The Just-for-Me Book Club is my latest reading project. I asked bloggers and some regular commenters to suggest books for me to read. I have a fabulous list! I have never been more motivated to read, read, read! The list is still growing. You can see all the titles on this Goodreads page, and most are noted here. It’s time for two more book reviews!
Let me tell you about Riddley Walker! Riddley is a 12-year-old. He does hard labour, digging in pits. He has just been deemed a man, not a boy, and is expected to take over his father’s role of being a “seer” or interpreter of events. A weird series of happenings and discoveries has forced him to leave town, live by his wits, wrangle dangerous packs of dogs and figure out a massive mystery from the history of humankind. This all takes place far in the future in a post-apocalyptic land that has reverted to something like ancient England. The people are clannish and suspicious. Knowledge is spread through storytelling, puppetry and the words of wise folk.
The book was told entirely through Riddley’s point of view, in a made-up variant of English. Some of it was spelled phonetically, some was partially reconstructed from disassembled words, and overall, it led me to think that language had devolved and people had lost a lot of smarts. It had an internal logic and grammar so the reader could get into the flow after a while. I did find it very slow going, but I enjoyed puzzling it out, word by word and phrase by phrase.
I have never read any other books in made-up dialects (famously, A Clockwork Orange and Finnegan’s Wake), so this was a new experience for me.
The book contains several stories from the oral tradition that Riddley had learned. In his travels, he must figure out whether the stories have any real-life meaning.
I was completely wrapped up in the world of this book. The setting was sadly believable. It’s easy to imagine a world in which we’ve misused all the knowledge we once had, and barely survived our own destruction. Wouldn’t you want to hear stories from the “time back way back” when everything had sense and was just…better? Or would you even believe it?
As a Canadian, I had never seen a Punch and Judy show until stumbling upon one in Sussex within the past five years. This added immeasurably to my reading experience. In fact, if the book didn’t have a Punch puppet depicted on the cover, I don’t know when I would have realized that these puppets were significant to the story! I loved the importance of storytelling to the plot (and to the culture in the “world” of Inland where the book was set). There were other “British-isms” in the novel which took as much figuring as the language.

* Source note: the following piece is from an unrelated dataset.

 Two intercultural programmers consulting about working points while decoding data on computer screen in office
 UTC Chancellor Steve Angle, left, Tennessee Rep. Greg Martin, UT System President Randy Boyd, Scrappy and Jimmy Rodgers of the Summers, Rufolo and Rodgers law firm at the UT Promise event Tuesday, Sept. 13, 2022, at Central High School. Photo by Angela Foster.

The most fascinating thing of all, for me, is the range of Russell Hoban as an author. This is the author of Bread and Jam for Frances. This is the author of The Mouse and His Child. I was surprised to discover recently that he wrote adult fiction. I had read his quirky “indie” novel Turtle Diary three years ago. Now this!
If you want to challenge yourself and be immersed in a completely different mindset, I highly recommend Riddley Walker. A tremendous thank you to Paul @ Feeding Squirrels for suggesting it!

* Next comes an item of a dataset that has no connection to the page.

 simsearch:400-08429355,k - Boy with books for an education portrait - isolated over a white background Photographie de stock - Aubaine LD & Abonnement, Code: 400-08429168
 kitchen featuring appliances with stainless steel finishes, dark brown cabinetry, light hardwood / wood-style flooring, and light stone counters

The next book I read could not have been more different – which is why I chose it to read next! It was We Were Liars, a teen suspense novel. I read one or two YA novels each year, mostly bestsellers that have created a lot of buzz, like The Fault in Our Stars or Eleanor and Park. I generally don’t read suspense. I am probably one of the last people on the planet who has read neither Gone Girl nor The Girl on the Train! But I respect AP’s tastes and trusted I would like it.
In We Were Liars, we learn that something significant happened that changed the life of our narrator, Cadence Sinclair. The Sinclairs are old-money, east-coast, privileged white land owners who spend their summers on a private island that they’ve turned into a family enclave. Cadence and her cousins return every year to enjoy boating, swimming, being served by staff, and making day trips to Martha’s Vineyard. What I liked best about the book was Cadence and her cousins’ dawning realization that they are rich brats who benefit from the racism and classism of their parents and grandparents. To continue living their fabulous lifestyle, they are forced to go along with whatever their mothers and their grandparents want them to do, think, say or feel. Something has to change.

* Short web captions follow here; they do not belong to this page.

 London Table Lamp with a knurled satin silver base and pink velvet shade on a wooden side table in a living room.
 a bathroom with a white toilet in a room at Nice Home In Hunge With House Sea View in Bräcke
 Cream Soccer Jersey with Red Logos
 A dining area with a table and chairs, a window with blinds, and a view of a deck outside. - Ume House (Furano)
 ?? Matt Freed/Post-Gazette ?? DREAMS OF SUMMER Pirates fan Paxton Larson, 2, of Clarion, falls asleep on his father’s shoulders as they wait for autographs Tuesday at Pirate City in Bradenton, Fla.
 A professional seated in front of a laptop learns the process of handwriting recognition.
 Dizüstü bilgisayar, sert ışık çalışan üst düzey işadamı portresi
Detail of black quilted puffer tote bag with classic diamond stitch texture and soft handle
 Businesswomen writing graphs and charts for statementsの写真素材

I guessed 25% of the ending of the book, and it did stretch credulity a bit, but I was more than willing to suspend my disbelief. The author uses quite florid language at times, of the type that rapt teens will love, because it brings to life some of the drama they experience. I liked the on-the-edge-of-your-seat feeling of reading a fast-paced story with mounting tension and a mystery to be solved. Did I say I read this in one sitting?!
As in The Fault in Our Stars, there was a moment near the end involving a parent that turned on the waterworks for me!
I will definitely recommend this to the teens I work with at the library, and it has loosened my inhibitions about reading suspense novels – I look forward to more. Thank you to the Asian Pear for suggesting this one for me!
Next up: I am reading A Study in Scarlet Women, the first in a new series about a female Sherlock Holmes.
Have you started your 2017 reading yet?